#### Extracted entries

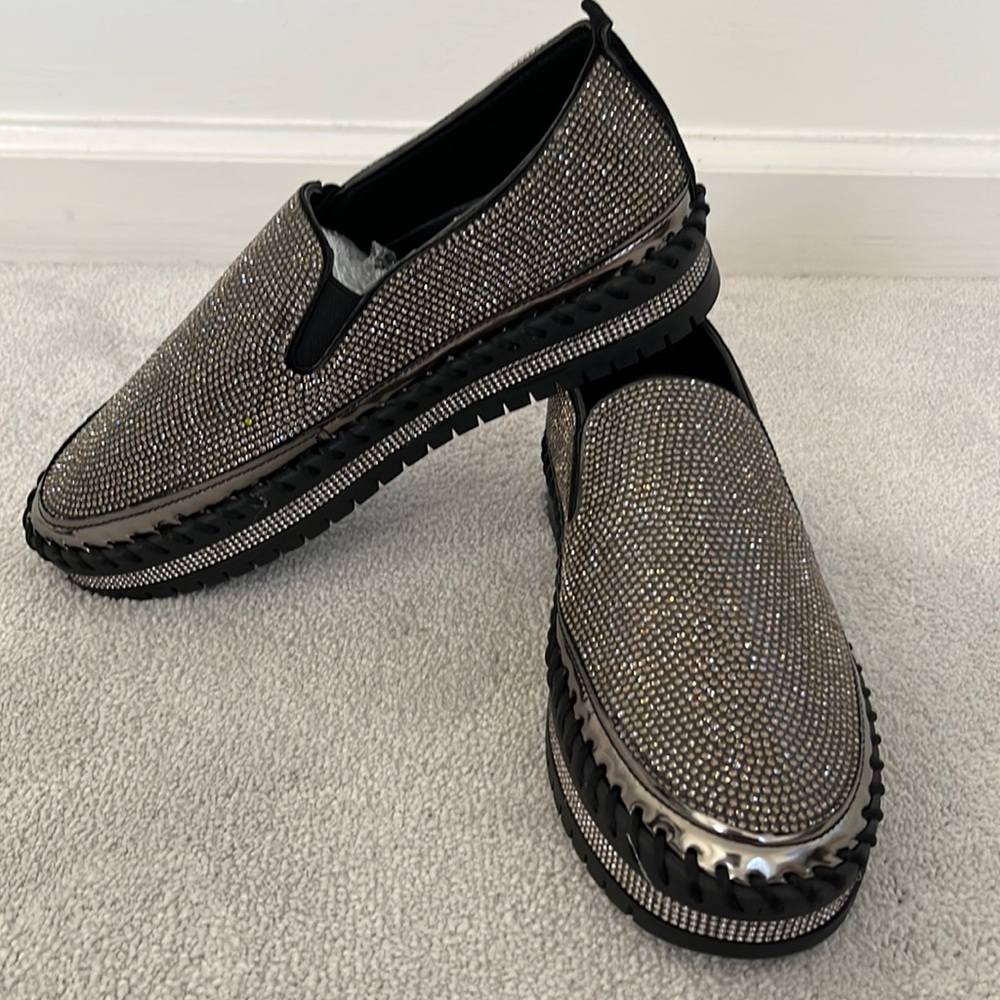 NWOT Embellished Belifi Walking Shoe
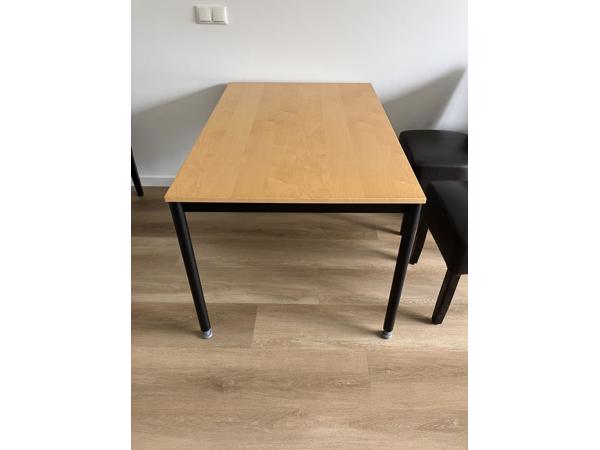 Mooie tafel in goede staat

########
#### Extracted entries

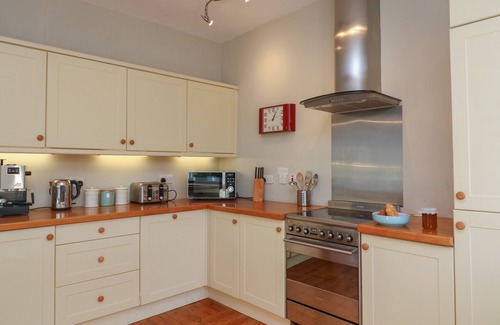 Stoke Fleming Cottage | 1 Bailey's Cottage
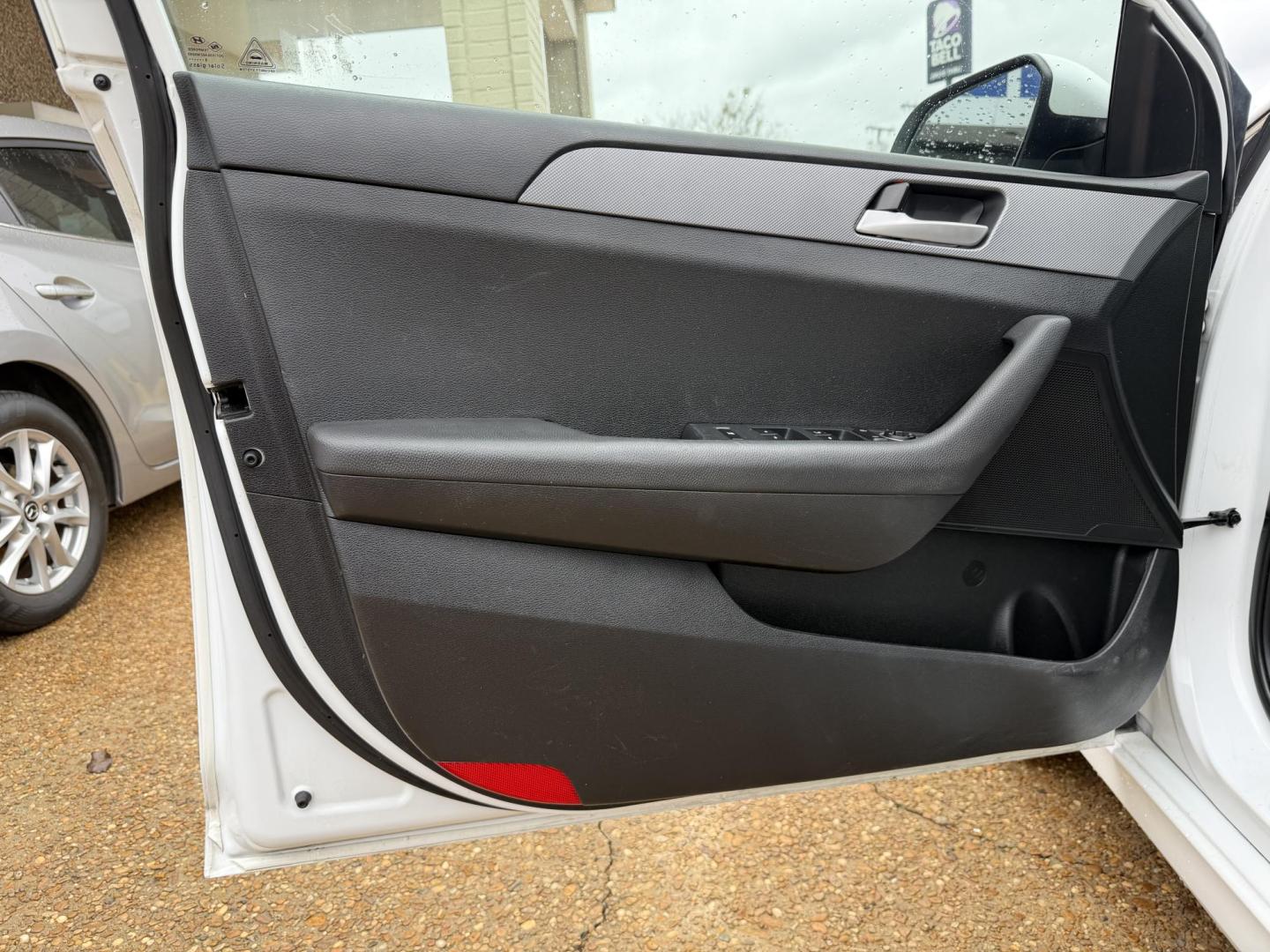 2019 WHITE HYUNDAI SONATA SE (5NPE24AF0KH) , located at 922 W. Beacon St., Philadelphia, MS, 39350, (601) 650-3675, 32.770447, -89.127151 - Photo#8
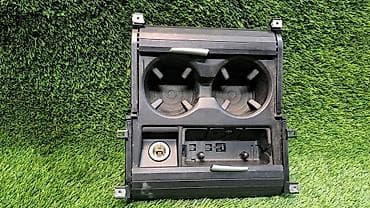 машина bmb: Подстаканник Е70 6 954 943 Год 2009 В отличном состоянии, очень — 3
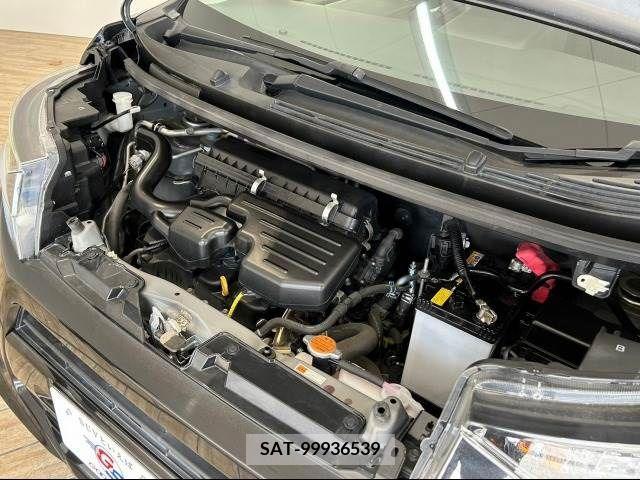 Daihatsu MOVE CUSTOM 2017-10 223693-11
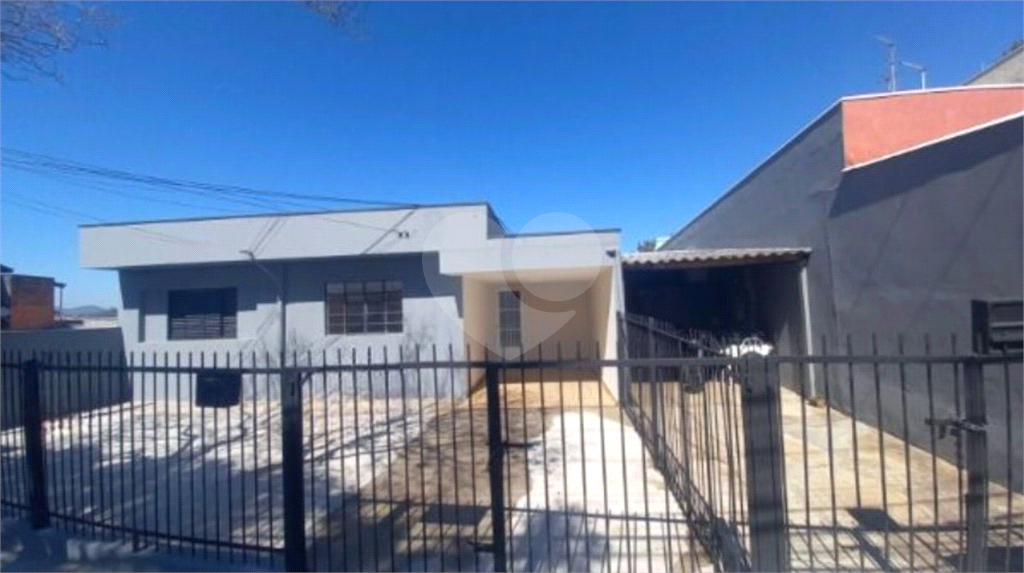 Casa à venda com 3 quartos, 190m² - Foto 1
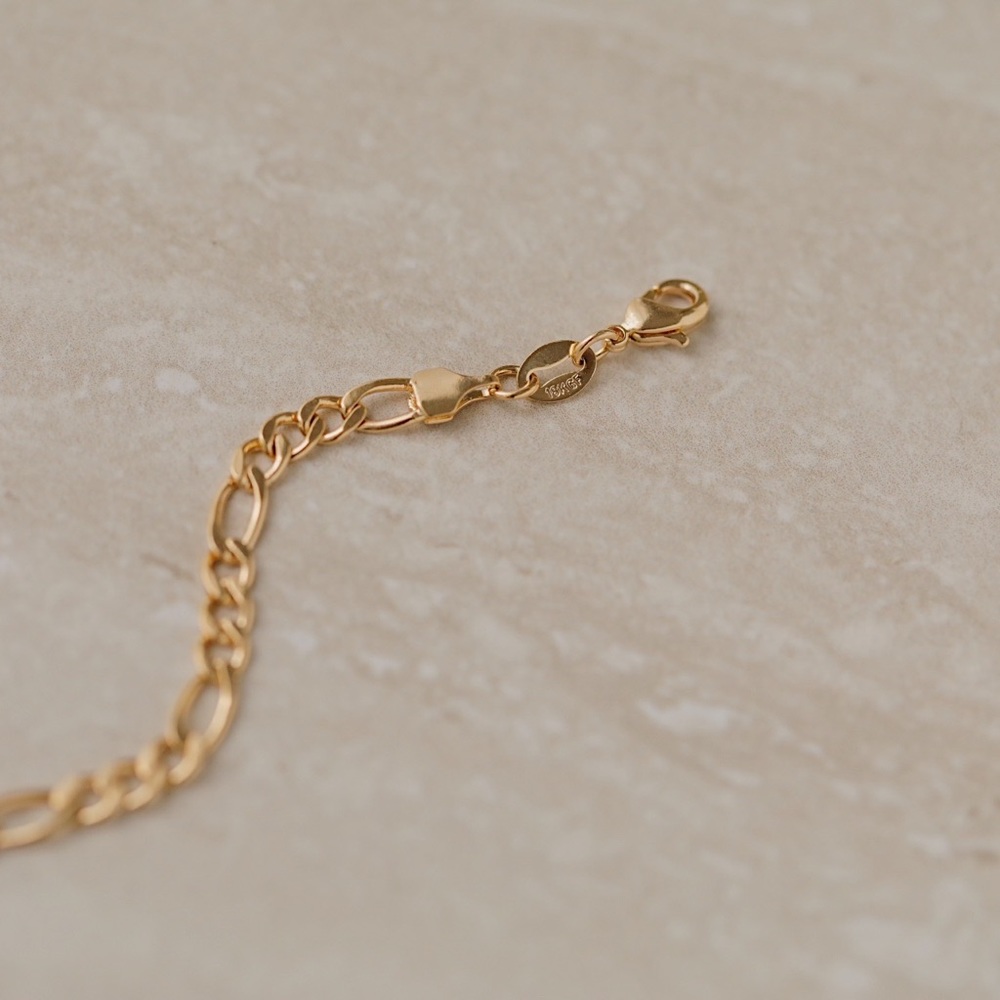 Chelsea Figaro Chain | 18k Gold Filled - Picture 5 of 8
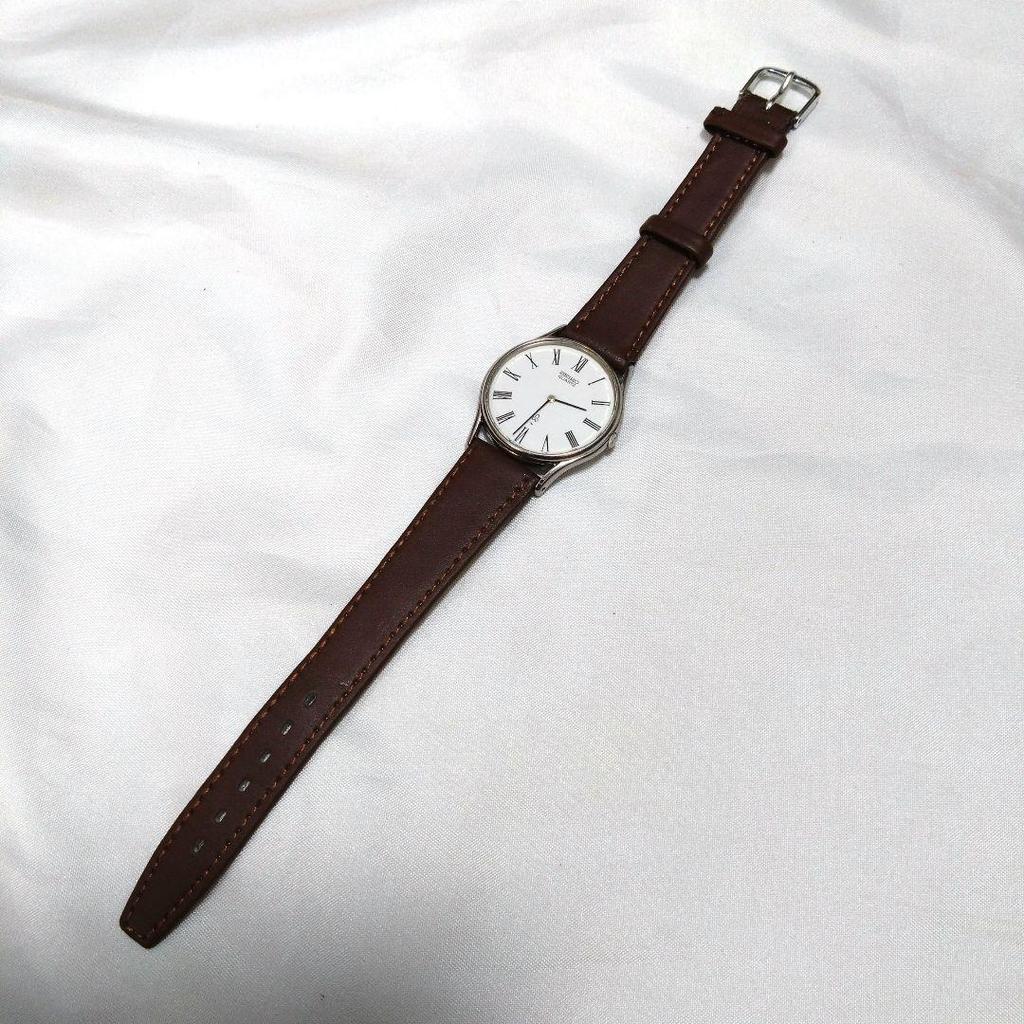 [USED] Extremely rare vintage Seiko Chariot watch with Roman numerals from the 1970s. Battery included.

########

Work task:
Given the entries above, transcribe exactly the lines from the one holding "2019 WHITE HYUNDAI" through the one holding "Chelsea Figaro Chain"; pictures do not belong in the transcription.

Output of the exercise:
 2019 WHITE HYUNDAI SONATA SE (5NPE24AF0KH) , located at 922 W. Beacon St., Philadelphia, MS, 39350, (601) 650-3675, 32.770447, -89.127151 - Photo#8
 машина bmb: Подстаканник Е70 6 954 943 Год 2009 В отличном состоянии, очень — 3
 Daihatsu MOVE CUSTOM 2017-10 223693-11
 Casa à venda com 3 quartos, 190m² - Foto 1
 Chelsea Figaro Chain | 18k Gold Filled - Picture 5 of 8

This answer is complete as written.